There are two types of diabetes. Type 1 diabetes is commonly diagnosed during childhood, when the pancreas produces little or no insulin. Type 2 diabetes refers to high blood sugar that occurs when the body becomes resistant to insulin – a hormone that helps regulate your blood sugar levels – or when your pancreas does not produce sufficient insulin.

Type 2 diabetes, more common in Singapore, is usually caused by an unhealthy diet and lifestyle, such as eating too much junk food and having little physical activity. Other risk factors include obesity and a family history of diabetes.

However, the good news is that unlike many health conditions, diabetes can be managed with a healthy lifestyle and diet.  For instance, changing your diet and adding moderate exercise (such as walking) can reduce the chance of developing diabetes by over 40 percent.

We speak with Leah Ho, BoxGreen’s resident nutritionist to find out how to reduce your risk of developing diabetes.  

Moderate physical activity each week can help lessen the risk of developing type 2 diabetes

Find a physical activity you enjoy

Ideally, you should engage in 30 minutes of moderate physical activity five times a week. However, if that's too hard for a start, find something you enjoy, be it HIIT, barre, or hiking. If you enjoy the activity, exercising will not be such a chore!

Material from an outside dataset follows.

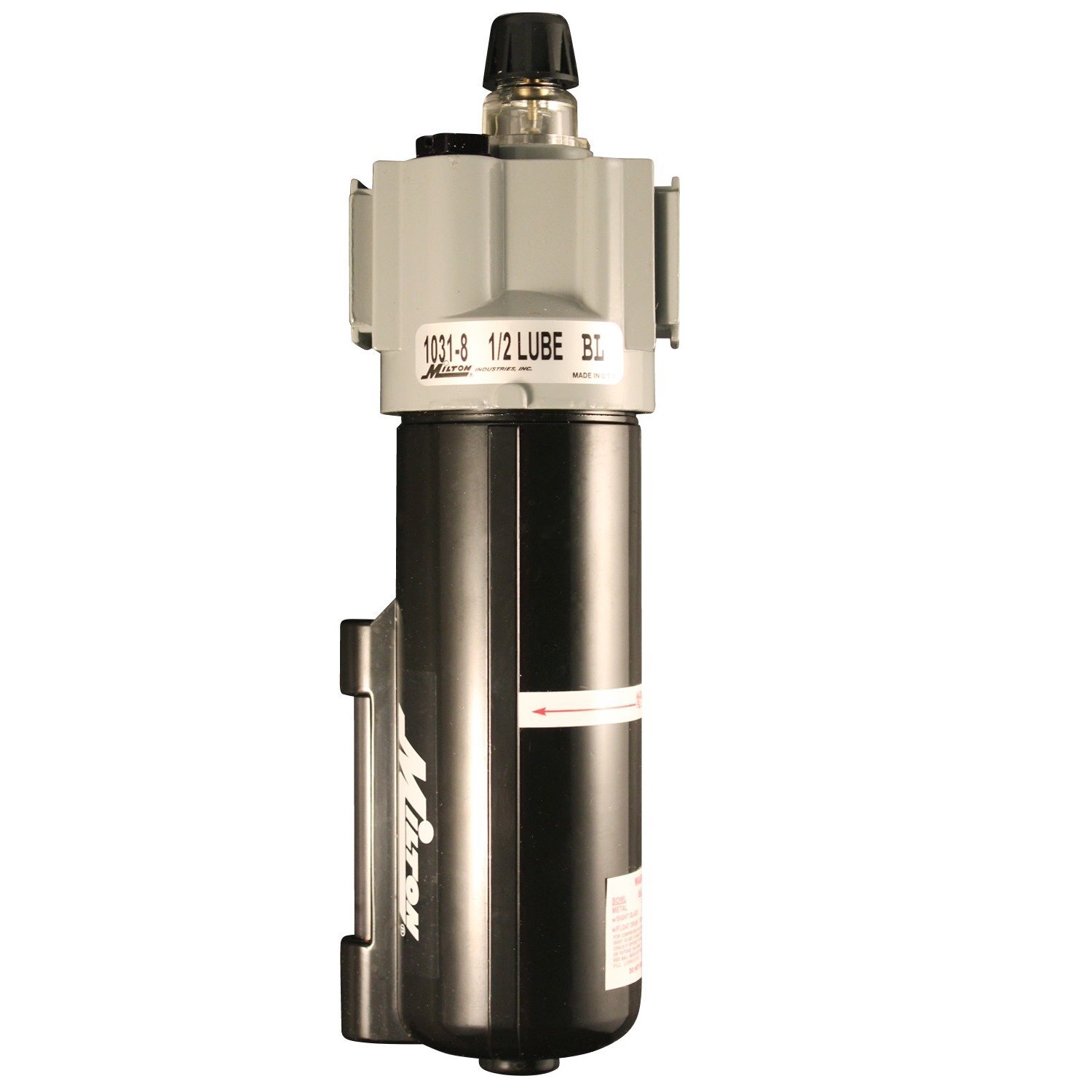 Milton 1031-8 1/2″ NPT Metal FRL Lubricator Bowl, 6 oz. Bowl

Cook with healthy oils and cut back on deep fried items

When at the supermarket, select oils with the healthier choice symbol, such as soybean oil, sunflower oil, and olive oil. These options are rich in good fats like unsaturated fats and polyunsaturated fats. Deep fried and fast food items should ideally be consumed at most twice a month.

Choose healthier options 80% of the time

Having a balanced meal of whole grain carbohydrates like brown rice, vegetables, and lean meat can be tough when Singapore is a food paradise (think sinful local favourites like char kway teow and mee rebus). But there can be healthier, delicious options when eating out too. For instance, yong tau foo, thunder tea rice and fish soup.

boxgreen's healthy snacks

As for snacks, pick up healthier alternatives like trail mixes in portion control sizes so that you won’t unconsciously snack too much. Boxgreen snacks are a delicious and easy way to keep your snack intake in check. The social enterprise also donates a meal to the needy through the Willing Hearts soup kitchen for every box of snacks sold.

Regular health checks

From the age of 30, it is good to get your health check-up done once a year to diagnose any underlying health condition or let you know if there is any aspect of your health you should look out for. It also gives you peace of mind!

Stress less, sleep well

When you're stressed, your body releases hormones that elevate blood sugar. Sleep deprivation also increases the risk of diabetes. Take some time to meditate, go for a walk and get enough sleep every night because health is wealth!